### Assigned task
Pictures must not appear in your answer. Write out exactly the lines from the one with "Pemandangan Blangkejeren dari" through the last line of the entries below.

START Data excerpts

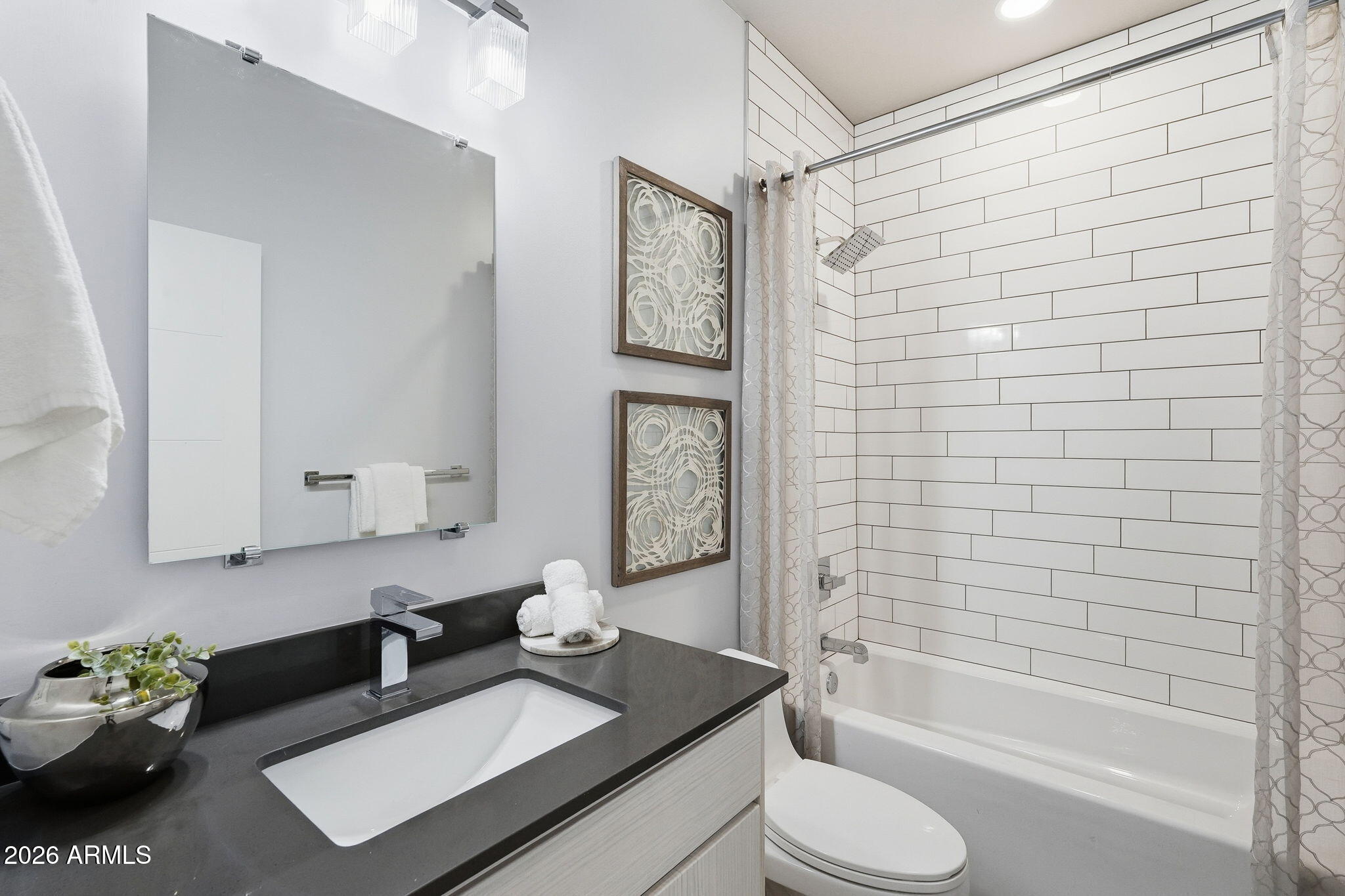 2727 THOMAS - Residential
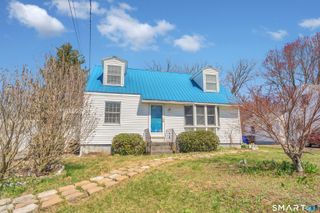 1 King Court, Enfield, CT 06082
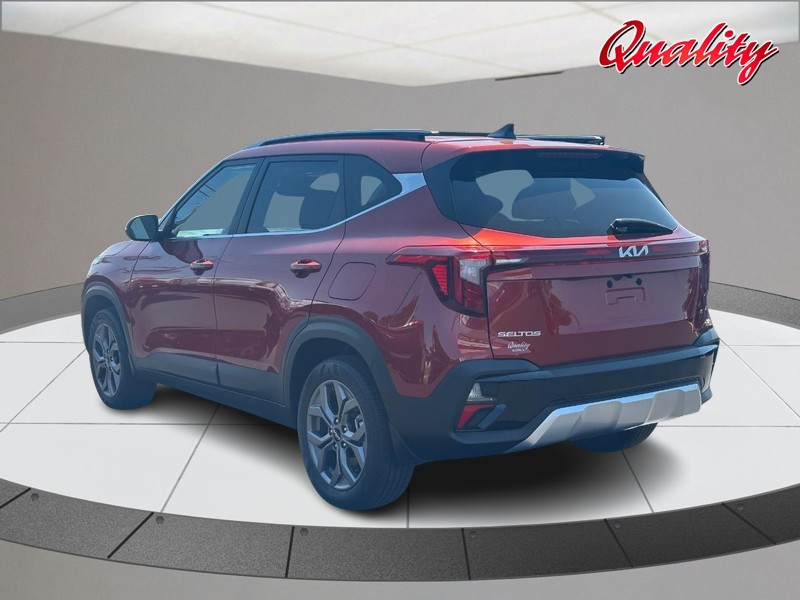 Kia Seltos Vehicle Image 05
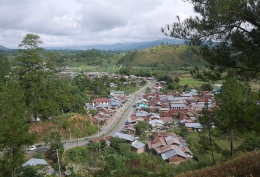Pemandangan Blangkejeren dari atas bukit (Foto pribadi)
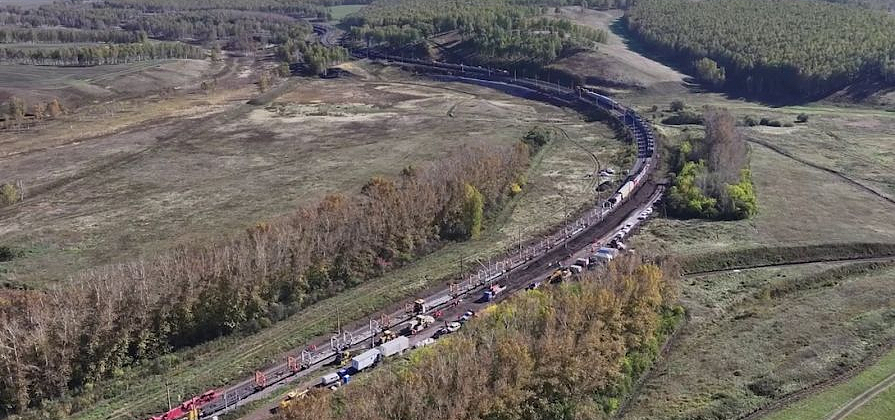 В Красноярском крае проложили железную дорогу по новым технологиям: рельсы выдерживают составы на 2,5 млрд тонн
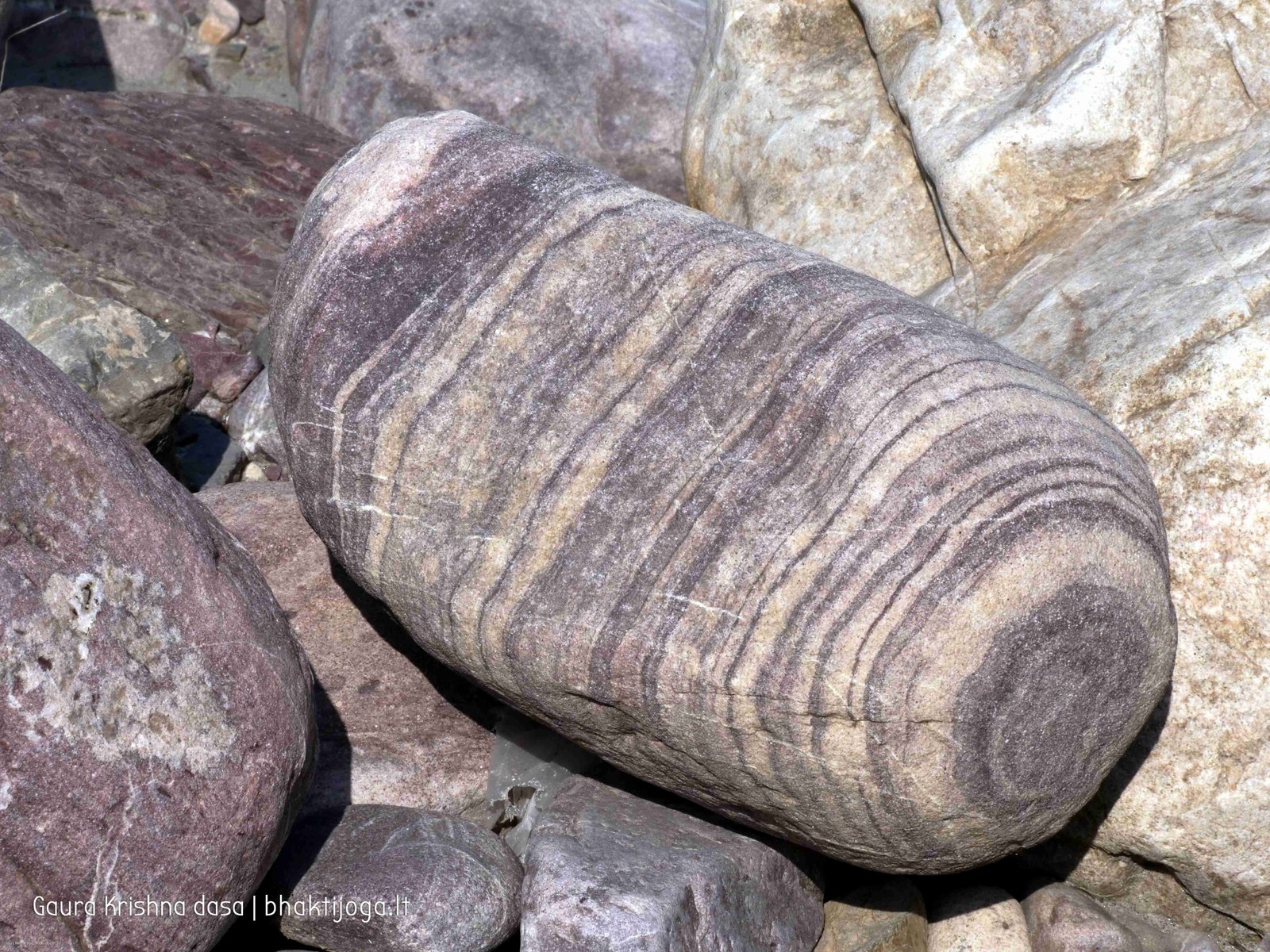 14 stones in sacred rivers 2020 02 20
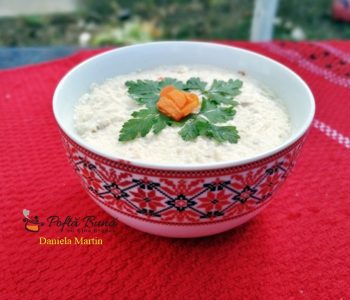 Salata de conopida cu piept de pui, morcov si hrean, un aperitiv deosebit Salata de conopida cu piept de pui, morcov si hrean, un aperitiv deosebit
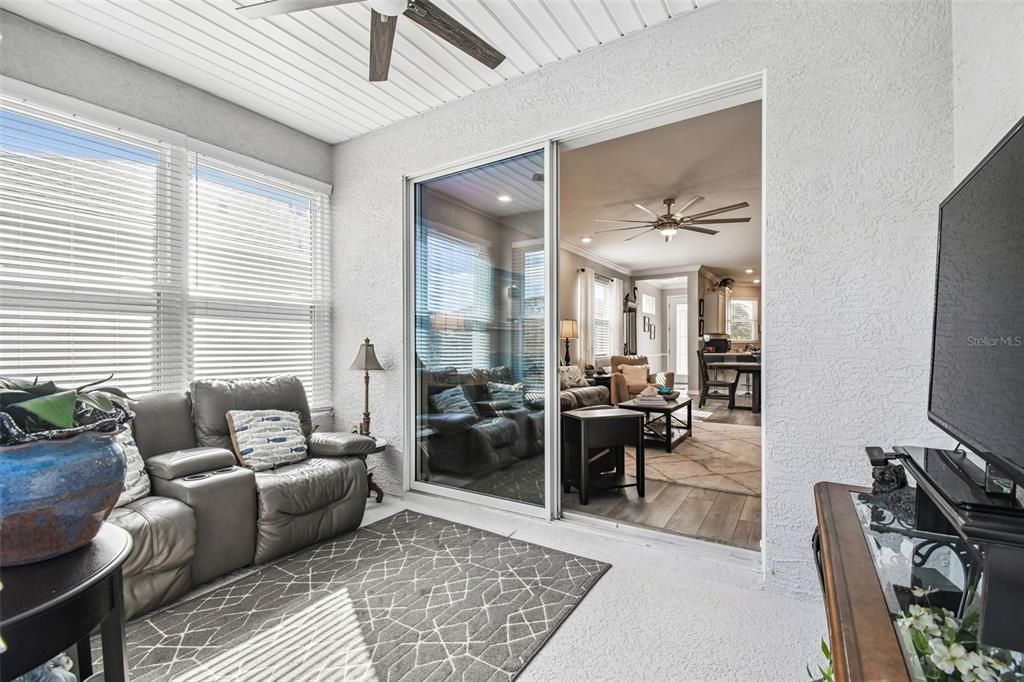 For Sale: $284,000 (2 beds, 2 baths, 1344 Square Feet)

END Data excerpts

### Problem solution
Pemandangan Blangkejeren dari atas bukit (Foto pribadi)
 В Красноярском крае проложили железную дорогу по новым технологиям: рельсы выдерживают составы на 2,5 млрд тонн
 14 stones in sacred rivers 2020 02 20
 Salata de conopida cu piept de pui, morcov si hrean, un aperitiv deosebit Salata de conopida cu piept de pui, morcov si hrean, un aperitiv deosebit
 For Sale: $284,000 (2 beds, 2 baths, 1344 Square Feet)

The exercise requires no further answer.